KEYWORDS: 16S rRNA gene, anaerobic cultivation, cultured fraction, dark matter, gut microbiota, intestinal bacteria, microbial diversity, minimal microbiome

Introduction

Microbial diversity on earth is tremendous, and functions performed by microorganisms are central to numerous essential bioprocesses, ranging from global events such as the cycles of elements (carbon, nitrogen, sulfur)1 and the large-scale production of food and drugs2,3 to microscopic interactions happening in our intestine.4 In gut environments, diverse and dynamic populations of bacteria interact constantly with dietary factors and with host cells and thereby influence many physiologic functions of the host such as metabolism and inflammation.5,6 To understand microbiome-diet-host interactions, it is important to characterize members of complex gut microbial communities.

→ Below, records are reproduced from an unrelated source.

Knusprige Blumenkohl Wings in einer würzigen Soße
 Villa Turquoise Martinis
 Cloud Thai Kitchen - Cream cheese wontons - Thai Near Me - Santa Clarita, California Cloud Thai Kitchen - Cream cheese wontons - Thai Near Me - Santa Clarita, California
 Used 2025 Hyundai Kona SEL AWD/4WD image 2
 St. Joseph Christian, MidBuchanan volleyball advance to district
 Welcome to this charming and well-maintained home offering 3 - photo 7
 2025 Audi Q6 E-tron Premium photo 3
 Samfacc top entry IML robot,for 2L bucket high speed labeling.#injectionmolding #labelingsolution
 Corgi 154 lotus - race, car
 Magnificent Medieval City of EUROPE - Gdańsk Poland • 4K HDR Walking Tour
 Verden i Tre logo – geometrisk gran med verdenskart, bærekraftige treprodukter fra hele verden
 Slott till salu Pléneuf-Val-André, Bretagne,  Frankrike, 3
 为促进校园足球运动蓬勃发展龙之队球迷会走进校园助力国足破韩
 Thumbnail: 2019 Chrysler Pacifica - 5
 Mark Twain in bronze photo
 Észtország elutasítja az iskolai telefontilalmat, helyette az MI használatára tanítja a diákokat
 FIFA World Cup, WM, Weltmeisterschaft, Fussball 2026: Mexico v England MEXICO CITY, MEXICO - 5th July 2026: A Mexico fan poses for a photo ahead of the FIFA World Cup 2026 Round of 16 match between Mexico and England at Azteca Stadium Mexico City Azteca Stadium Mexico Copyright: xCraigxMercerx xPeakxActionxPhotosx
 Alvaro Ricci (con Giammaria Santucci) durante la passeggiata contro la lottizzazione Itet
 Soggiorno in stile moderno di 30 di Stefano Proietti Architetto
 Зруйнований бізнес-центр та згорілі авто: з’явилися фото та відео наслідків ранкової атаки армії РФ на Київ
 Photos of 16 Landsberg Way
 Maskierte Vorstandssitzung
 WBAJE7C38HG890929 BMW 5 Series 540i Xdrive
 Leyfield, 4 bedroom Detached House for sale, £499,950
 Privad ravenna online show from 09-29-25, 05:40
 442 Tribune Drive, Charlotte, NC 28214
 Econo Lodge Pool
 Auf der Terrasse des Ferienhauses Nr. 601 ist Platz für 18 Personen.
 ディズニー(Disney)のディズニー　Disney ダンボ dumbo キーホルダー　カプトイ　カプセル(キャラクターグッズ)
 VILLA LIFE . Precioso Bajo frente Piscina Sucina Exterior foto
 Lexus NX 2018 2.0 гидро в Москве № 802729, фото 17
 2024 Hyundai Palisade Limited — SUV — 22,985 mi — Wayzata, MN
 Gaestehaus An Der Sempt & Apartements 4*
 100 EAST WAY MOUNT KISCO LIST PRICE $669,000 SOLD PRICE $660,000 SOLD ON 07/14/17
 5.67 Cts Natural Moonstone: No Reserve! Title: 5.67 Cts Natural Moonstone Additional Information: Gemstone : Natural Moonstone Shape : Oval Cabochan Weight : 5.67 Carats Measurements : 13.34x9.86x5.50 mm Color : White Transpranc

Despite over a century of research in microbiology, it is still challenging to accurately estimate the total prokaryotic diversity existing in all kinds of environments. Recent extrapolations based on sequencing data referred to approximately 400,000 species.7 Other estimates are considerably higher and range from 107 to 109 8 or even 1012 species.9 If we do not know exactly how many prokaryotes are there, it is of course difficult to define the fraction that can be cultured. However, it is certain that the unexplored or yet to be described diversity (also referred to as dark matter) is still substantial, leaving exciting research discoveries to come. Throughout the present manuscript, we review past and recent work on the cultivation of mammalian gut bacteria and provide an overview of cultured fractions of complex gut microbial communities.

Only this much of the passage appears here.